PRESENT: PIGOTT, JR., P.J., HAYES, WISNER, HURLBUTT, AND GORSKI, JJ.
MEMORANDUM AND ORDER
It is hereby ORDERED that the judgment so appealed from be and the same hereby is unanimously affirmed.
Memorandum:
Defendant appeals from a judgment convicting him upon his plea of guilty of attempted sodomy in the first degree (Penal Law § 110.00, 130.50). We reject the contention of defendant that County Court erred in denying his pro se motion to withdraw his guilty plea without holding a hearing. "Only in the rare instance will a defendant be entitled to an evidentiary hearing" on a motion to withdraw a plea ( People v. Tinsley, 35 N.Y.2d 926, 927).
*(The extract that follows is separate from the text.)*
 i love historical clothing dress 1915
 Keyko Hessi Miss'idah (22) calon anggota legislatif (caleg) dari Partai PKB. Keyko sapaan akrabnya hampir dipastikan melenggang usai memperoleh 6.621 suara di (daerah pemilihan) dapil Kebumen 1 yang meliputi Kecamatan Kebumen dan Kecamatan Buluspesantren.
Here, the grounds for the motion were facially without merit, and thus a hearing was not required ( see, People v. Rudenko, 243 A.D.2d 588, lv denied 91 N.Y.2d 879). Defendant further contends that he was denied effective assistance of counsel because counsel took a position adverse to him on his motion to withdraw the guilty plea. The record establishes, however, that the court denied the motion before defense counsel made the allegedly adverse statements. Thus, defense counsel's statements did not affect the court's determination and did not deprive defendant of effective assistance of counsel ( see, People v. Cooper, 258 A.D.2d 891, lv denied 93 N.Y.2d 968; People v. Zirpola, 237 A.D.2d 967, lv denied 90 N.Y.2d 899; People v. Rodriguez, 189 A.D.2d 684, 685, lv denied 81 N.Y.2d 892). The sentence is neither unduly harsh nor severe.